Sabtu, 13 Juni 2026 | 14:02
NEWS

Refleksi Hari Pers Nasional (HPN) 2026

Putusan MK Sudah Jelas, Kenapa Wartawan Tetap Terancam?

Putusan MK Sudah Jelas, Kenapa Wartawan Tetap Terancam?
Dosen Kriminologi FISIP Universitas Indonesia, Dr. Bagus Sudarmanto (Dok Askara)

ASKARA - Putusan Mahkamah Konstitusi (MK) terkait perlindungan wartawan dinilai sebagai langkah progresif bagi kebebasan pers, namun masih menyisakan persoalan serius pada tataran implementasi. Tanpa pedoman teknis yang jelas dan koordinasi lintas institusi, putusan tersebut berisiko berhenti sebagai norma hukum simbolik dan belum sepenuhnya dirasakan manfaatnya oleh wartawan di lapangan.

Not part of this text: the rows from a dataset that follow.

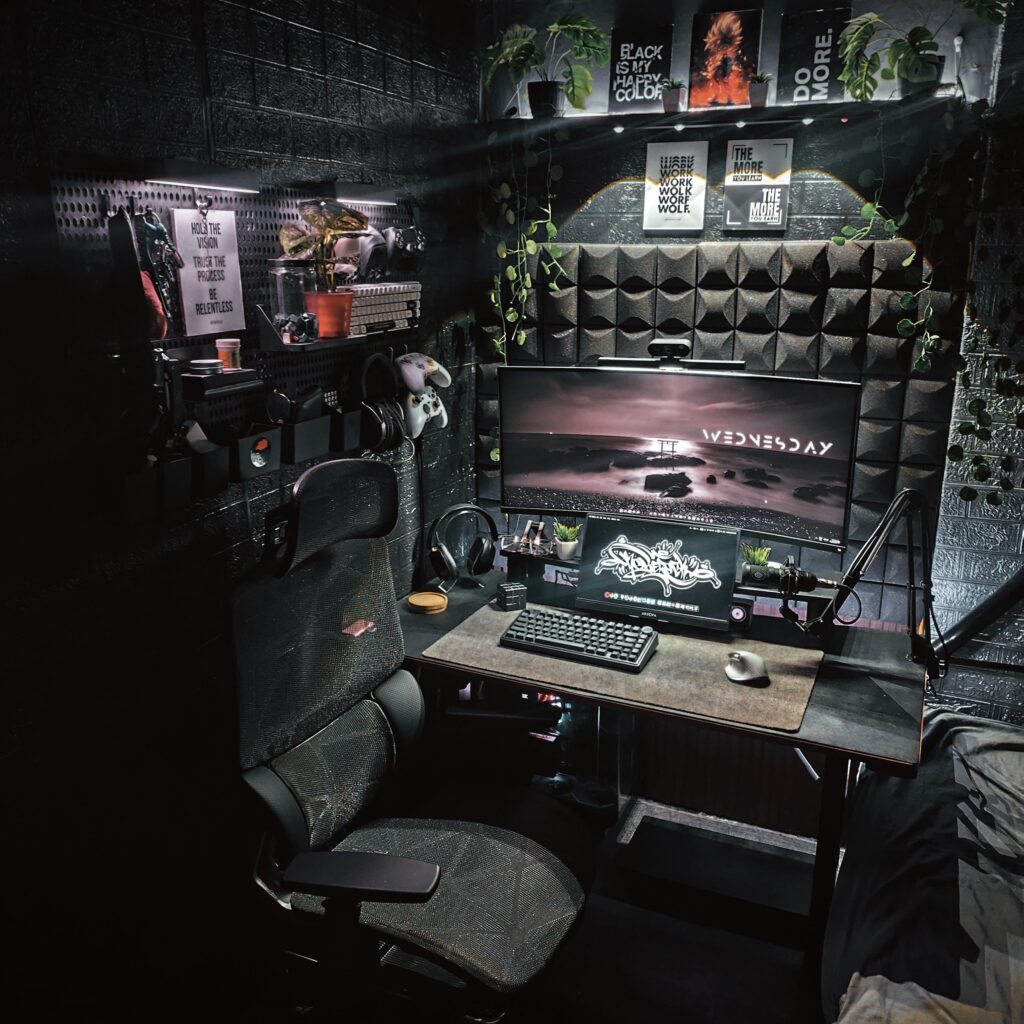 Rate my Dark Space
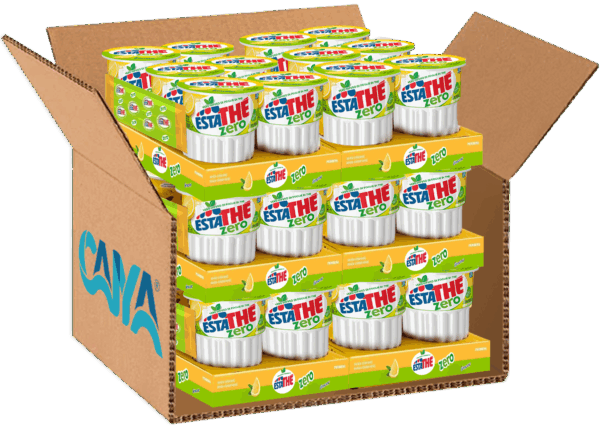 Estathe Thè Limone Zero in Brick 6x200ml - immagine 2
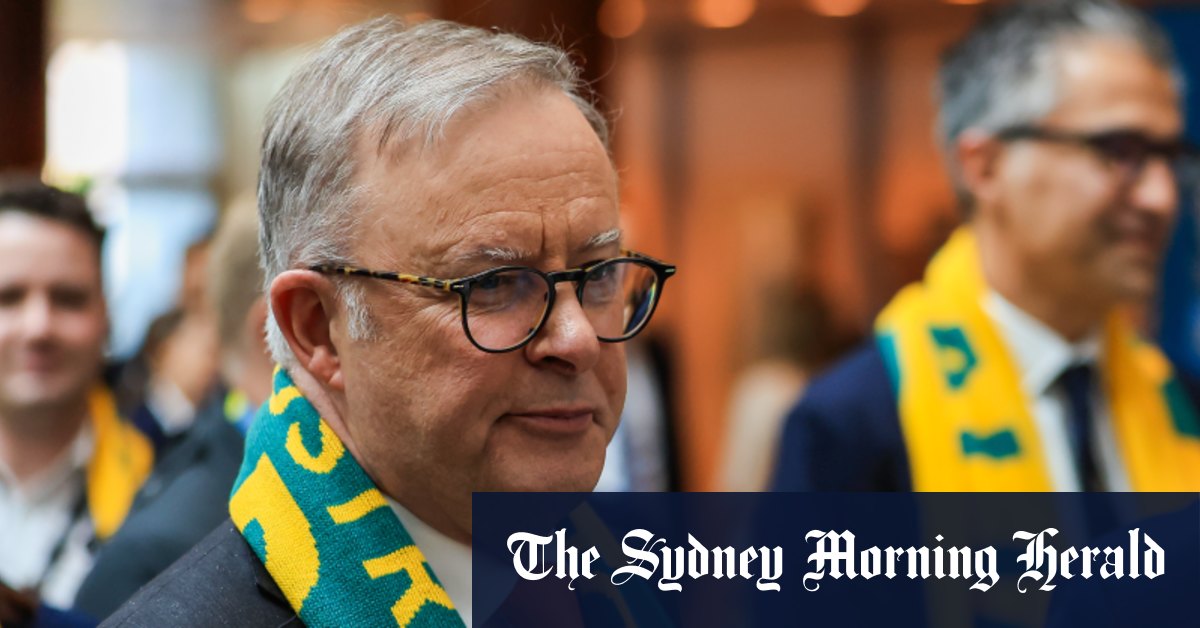 Le jour férié de Matildas pour stimuler l'activité économique, déclare Anthony Albanese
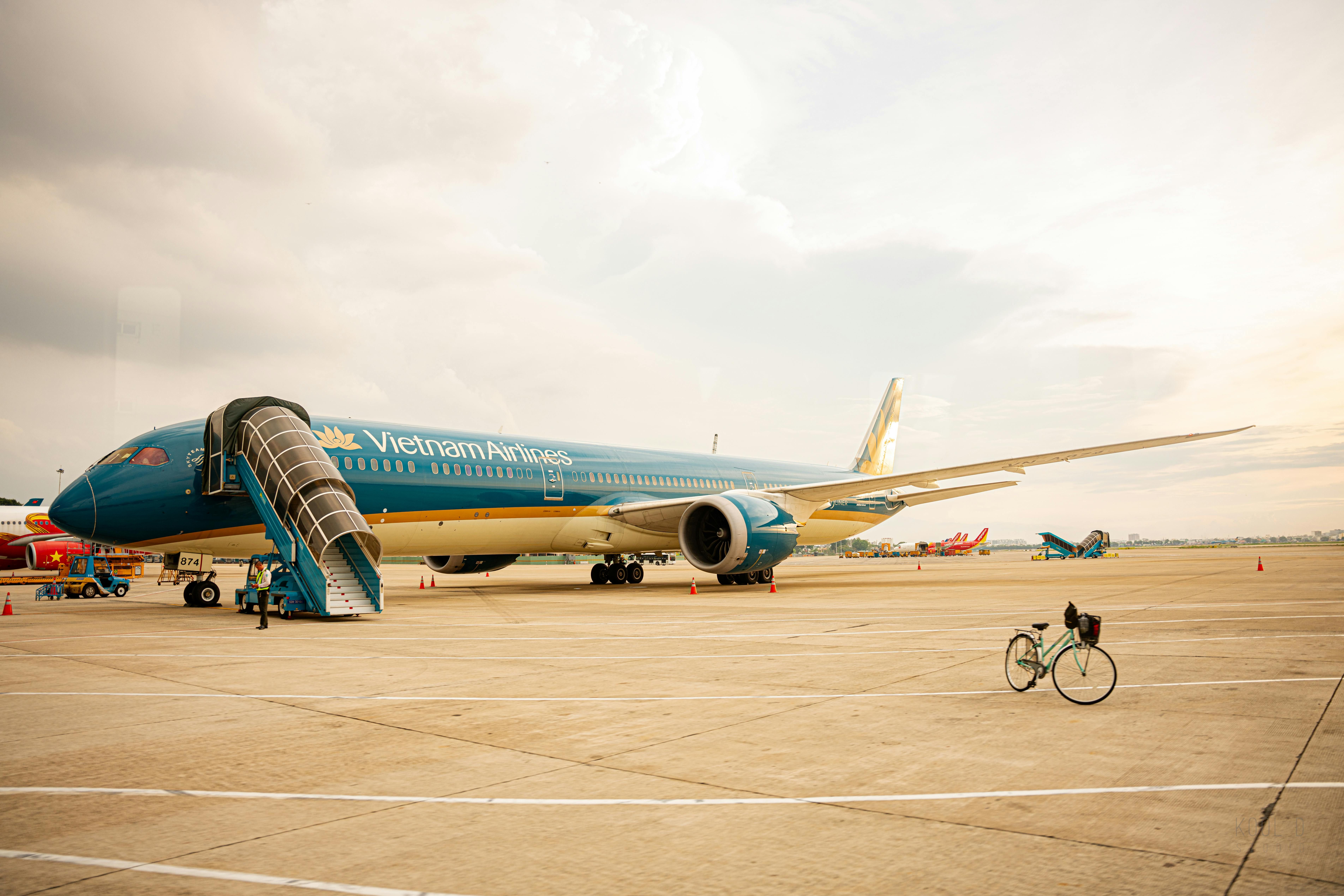Samolot Vietnam Airlines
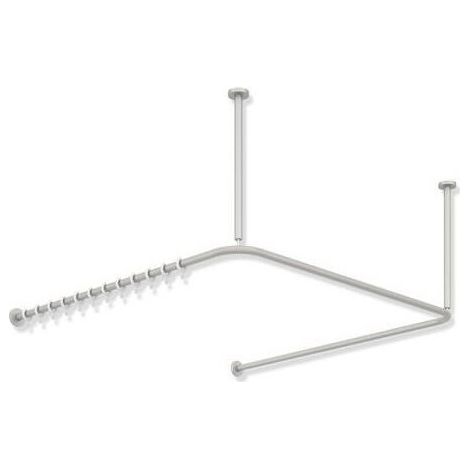 Suspensión de techo Hewi d : 2.5cm hgr Mica perlado mate profundo 500mm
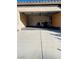 Spacious two car garage with a modern garage door at 5048 Orchid Springs St, Las Vegas, NV 89148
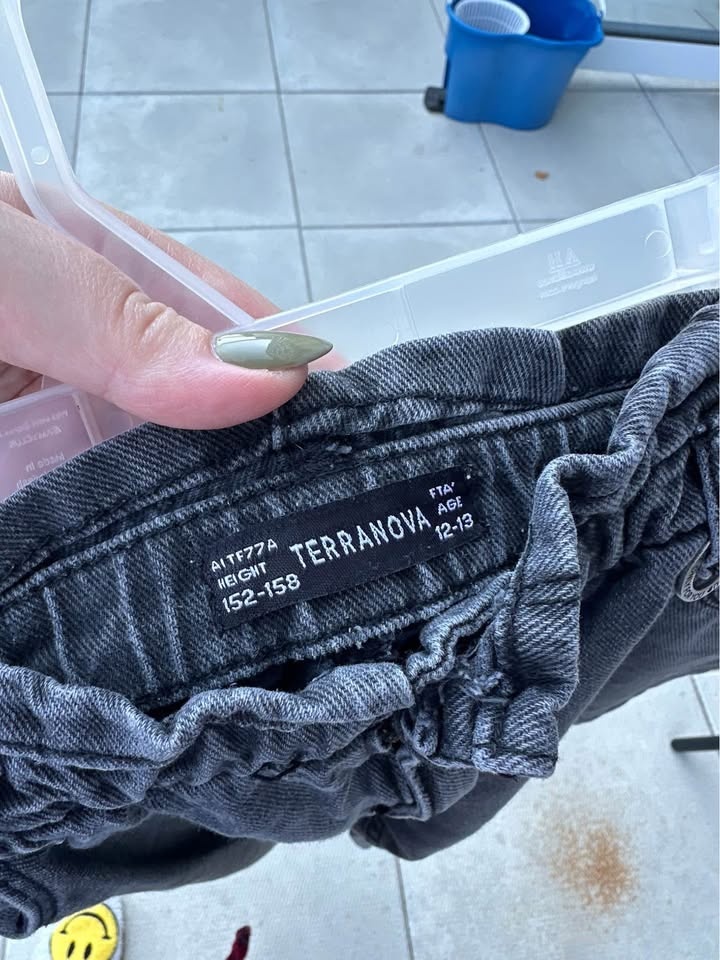 Girl’s jeans age 12-13/ height 152-158 - photo 3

Hal itu disampaikan Dosen Kriminologi FISIP Universitas Indonesia, Dr. Bagus Sudarmanto, dalam refleksi Hari Pers Nasional (HPN) 2026 bertajuk “Mendedah Putusan MK: Perlindungan Wartawan antara Norma dan Realitas”. Menurutnya, MK telah menafsirkan ulang Pasal 8 UU Nomor 40 Tahun 1999 tentang Pers dengan menegaskan bahwa perlindungan wartawan harus bersifat operasional, bukan sekadar deklaratif.

“Putusan MK berupaya menutup ruang kriminalisasi kerja jurnalistik yang selama ini kerap dilakukan melalui instrumen hukum pidana dan perdata. Namun tantangan terbesarnya justru ada pada tahap pelaksanaan,” ujar Bagus, Minggu (25/1).

Ia menjelaskan, secara substantif MK menegaskan bahwa karya jurnalistik yang sesuai kode etik tidak dapat langsung diproses secara pidana atau perdata. Setiap sengketa pers, kata dia, wajib diselesaikan terlebih dahulu melalui mekanisme internal pers, seperti hak jawab, hak koreksi, dan penilaian Dewan Pers sebagai bentuk pendekatan restorative justice.

Namun demikian, Bagus menilai lemahnya kepatuhan aparat penegak hukum masih menjadi persoalan utama. “Sepanjang 2025, Dewan Pers mencatat penyediaan 118 ahli pers untuk perkara yang diproses di kepolisian dan pengadilan. Ini menunjukkan pendekatan pidana masih dominan, meski kerangka perlindungan konstitusional sudah diperkuat,” katanya.

Ia juga menyoroti lonjakan signifikan pengaduan masyarakat ke Dewan Pers. Data menunjukkan hingga November 2025 terdapat 1.166 aduan, meningkat tajam dibandingkan tahun-tahun sebelumnya. Menurut Bagus, kondisi ini mencerminkan meningkatnya kepercayaan publik, sekaligus tantangan kapasitas kelembagaan Dewan Pers.

“Tanpa dukungan negara berupa penguatan anggaran, SDM, dan mekanisme penyelesaian cepat, beban Dewan Pers justru bisa melemahkan tujuan perlindungan wartawan itu sendiri,” ujarnya.

Selain itu, Bagus menilai masih adanya ambiguitas definisi wartawan di era digital. Ia menilai perlindungan hukum seharusnya mempertimbangkan pendekatan fungsional, bukan semata status formal, mengingat berkembangnya jurnalisme warga, kontributor lepas, dan kreator independen yang menjalankan fungsi jurnalistik.

“Pengalaman internasional menunjukkan bahwa perlindungan kebebasan pers diberikan kepada siapa pun yang menjalankan fungsi jurnalistik, dengan tetap menjunjung etika dan tanggung jawab publik,” jelasnya.

Bagus menegaskan bahwa perlindungan hukum tidak boleh dimaknai sebagai kekebalan hukum. “Perlindungan bukan impunitas. Ia harus berjalan seiring dengan penegakan etika jurnalistik agar pers tetap memiliki legitimasi sosial,” katanya.

Menutup refleksinya, Bagus menyatakan bahwa Putusan MK seharusnya menjadi awal fase baru penguatan kemerdekaan pers di Indonesia. “Tanpa kebijakan turunan yang jelas dan komitmen lintas institusi, putusan ini berisiko hanya menjadi norma deklaratif. Di sinilah negara, pers, aparat hukum, dan masyarakat diuji bersama,” pungkasnya.